Back to exponential database growth: Exponential data growth will continue unabated, and create new performance and budget headaches for companies. A new Independent Oracle User Group (IOUG) study, conducted by Unisphere Research, finds data growing rapidly at nine out of 10 of the 581 respondents' companies, with one in seven seeing data growth at a clip exceeding 50% a year. Business growth is to blame for much of it, but there is another data avalanche pouring in from new sources: the web and social media. "When you begin to factor in the data that social media is generating on a daily - even hourly - basis, you get a better picture of the data avalanche that is happening online," Scott Walz, senior director of product management for Embarcadero Technologies, tells DBTA. "In 2011, we'll see a continued growth of consumer-generated data, as well as corporate data. Corporations are also starting to adopt more internal collaboration software beyond the SharePoints of the world, and that is making them a hotbed for data growth."  While the common approach has to been to throw more hardware at the problem, expect to see smarter approaches such information lifecycle management (ILM) gain traction as well. Ironically, this all bodes well for the jobs of data managers and administrators. "The simple fact is that we're not getting rid of data - we're creating more of it," says Walz. "The good news is that the uptick in data will keep those who manage it in business for a while, since there's a perpetual need for new processes, tools and technologies to manage and make sense of it."

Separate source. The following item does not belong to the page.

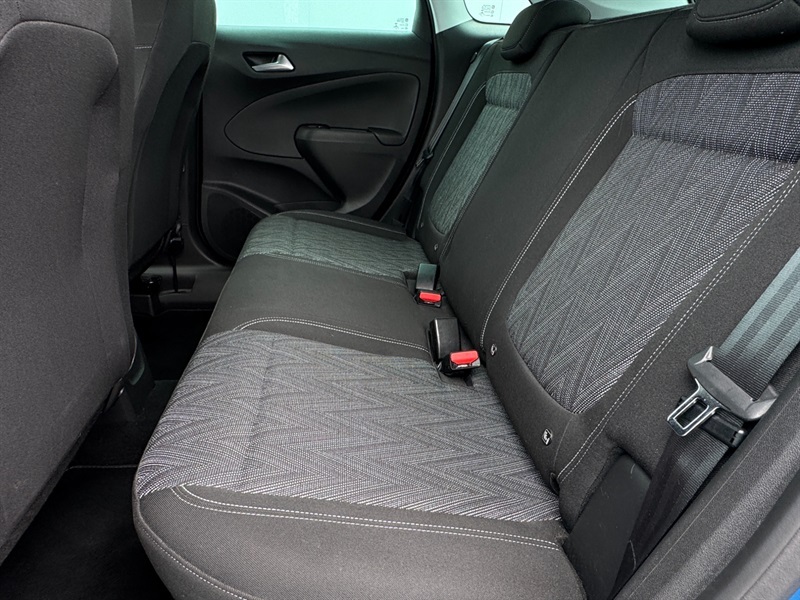 Vauxhall Crossland Sri Nav Blue #22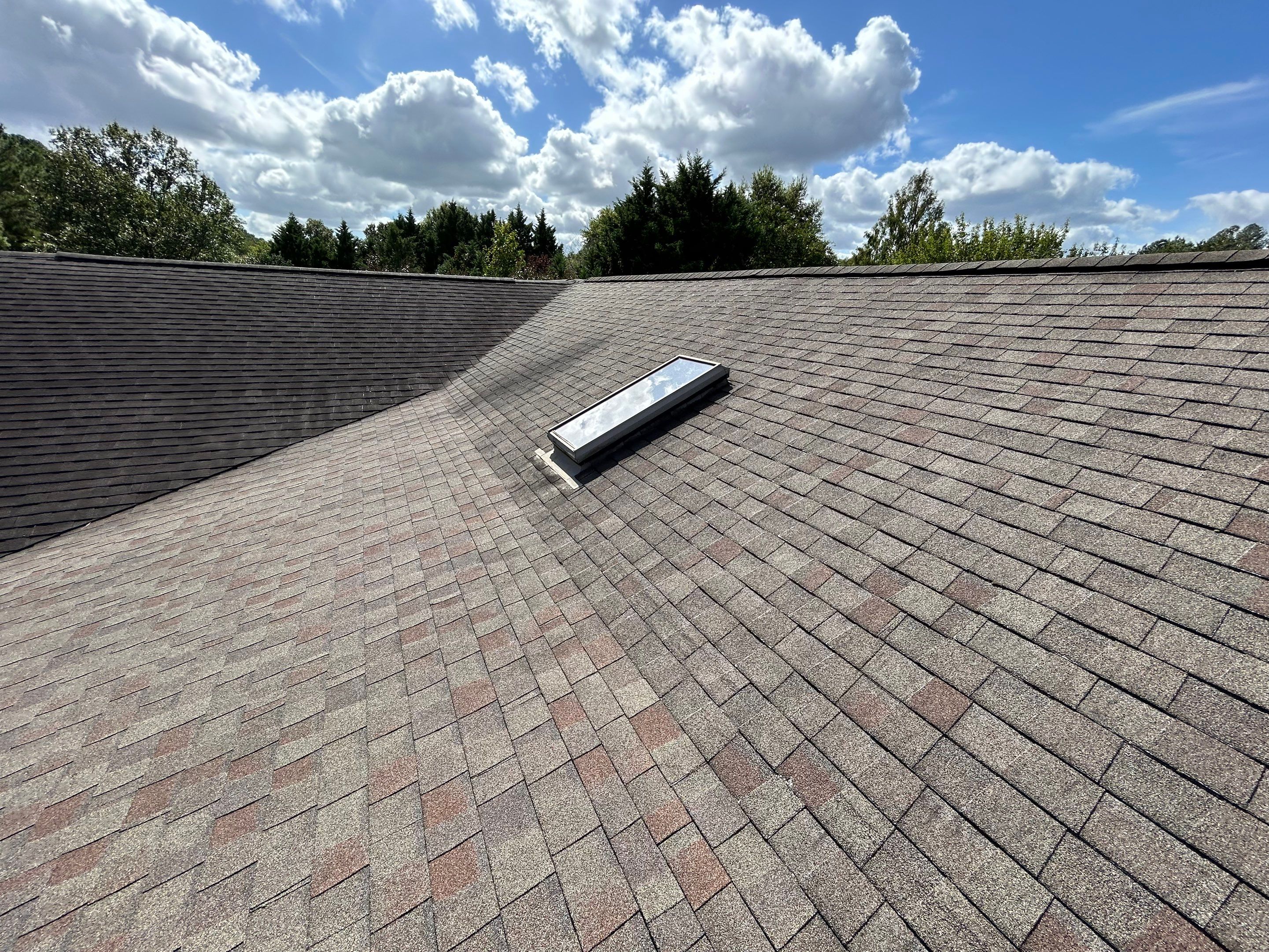 Re-Roof in Dagsboro by Potomac Custom Remodeling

Big Data calls for big realignment: The relentless growth of data is leading to a phenomenon now referred to as "Big Data." What else to call it when some companies are adding add billions of records to their databases annually? While help is on the way, in the form of faster hardware, such as inexpensive multi-core x86 processors to crunch data rapidly, cheaper solid-state storage solutions, Gigabit networks, and data appliances, a fresh perspective is needed. "Big Data requires a different way to think about data management," Perry Rotella, vice president of Verisk Analytics, tells DBTA. "Our traditional approaches are too expensive and cumbersome and takes too long to produce results. The challenges go beyond database technology." The coming year may be a time when managers go in and re-examine the processes that go into building and maintaining data environments. "We must consider the operational aspects of managing large data sets from load to backup, Rotella says. "We will see more organizations establish enterprise data management functions to coordinate data across business units, as well as data sharing frameworks, versus large-scale data warehousing efforts." The rise of Big Data creates additional management conundrums for data managers as they seek places to put it. Charlie Silver, CEO of Algebraix Data Corporation, has seen estimates that more than 15 petabytes of new information, or eight times the information housed in all US libraries, is being generated each day. "If we continue to generate new information at this pace, it will create a situation utterly crippling for IT," he tells DBTA. Why? Because "data is still stored and accessed in a hodgepodge of traditional row-and-column databases, which are tantamount to very large spreadsheets," he explains. This is hugely inefficient and will grow even more inefficient as Big Data gets bigger, he says. Silver says there will be more calls for a new approach to handling data that goes beyond the row-and-column databases, "and instead uses mathematics to define the relationships between data." This type of approach, he says, "would eliminate time-consuming table maintenance and the performance problems related to indexing, importing, and cataloging data that's required to be in a specific format."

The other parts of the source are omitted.